> Action item
Give the entries again exactly; drop the pictures.

Dataset items:

- Opening Delimiter -

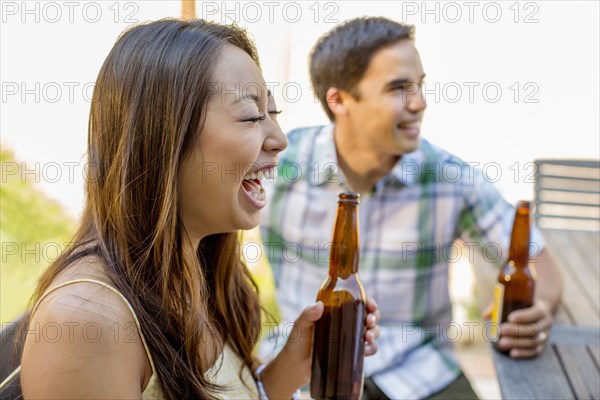 Couple having beers in backyard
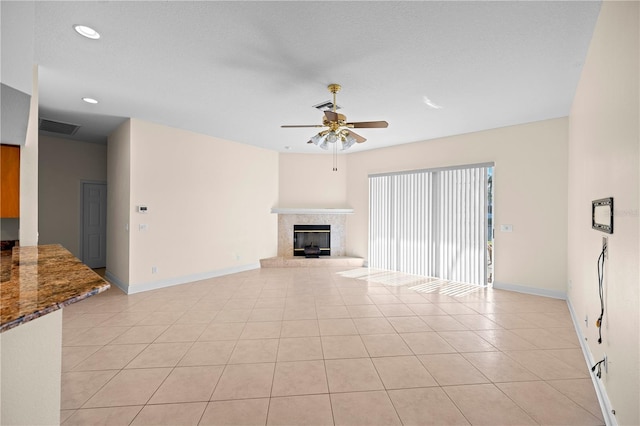 unfurnished living room with ceiling fan, light tile patterned floors, and a textured ceiling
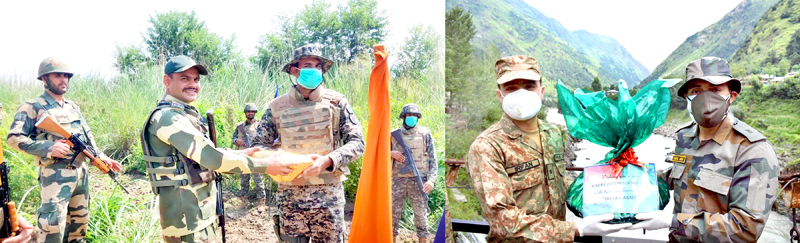 BSF and Rangers (left) and Indo-Pak Armies (right) exchange sweets in Jammu and Kashmir on Saturday. BSF and Rangers (left) and Indo-Pak Armies (right) exchange sweets in Jammu and Kashmir on Saturday.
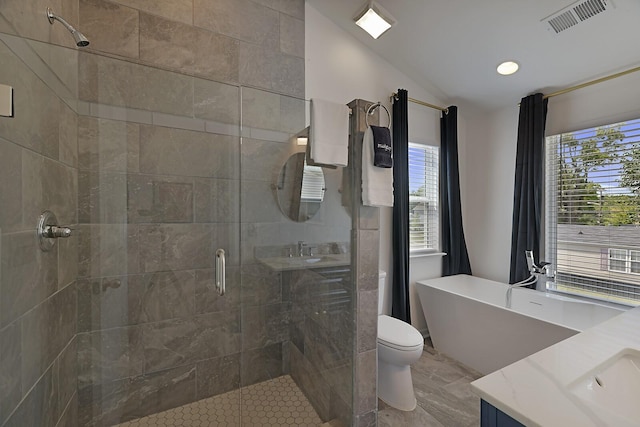 full bathroom featuring visible vents, lofted ceiling, a stall shower, a soaking tub, and vanity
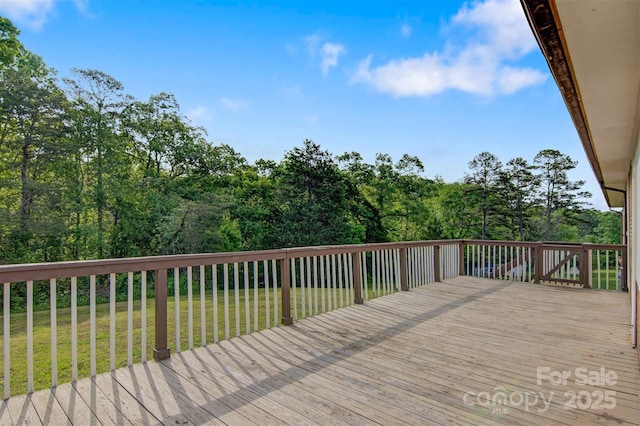 wooden deck with a yard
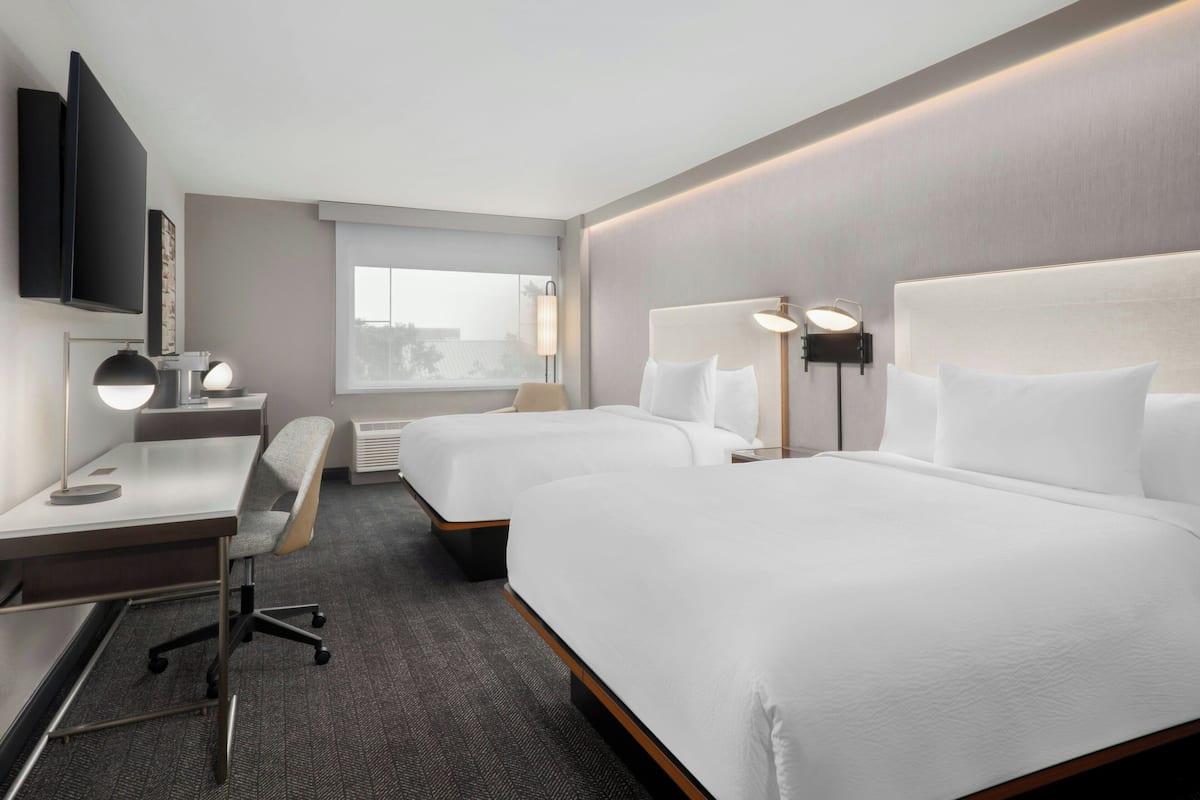 A hotel room with two beds, a desk with a chair, a TV, and a window.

- Closing Delimiter -

> Written answer
 Couple having beers in backyard
 unfurnished living room with ceiling fan, light tile patterned floors, and a textured ceiling
 BSF and Rangers (left) and Indo-Pak Armies (right) exchange sweets in Jammu and Kashmir on Saturday. BSF and Rangers (left) and Indo-Pak Armies (right) exchange sweets in Jammu and Kashmir on Saturday.
 full bathroom featuring visible vents, lofted ceiling, a stall shower, a soaking tub, and vanity
 wooden deck with a yard
 A hotel room with two beds, a desk with a chair, a TV, and a window.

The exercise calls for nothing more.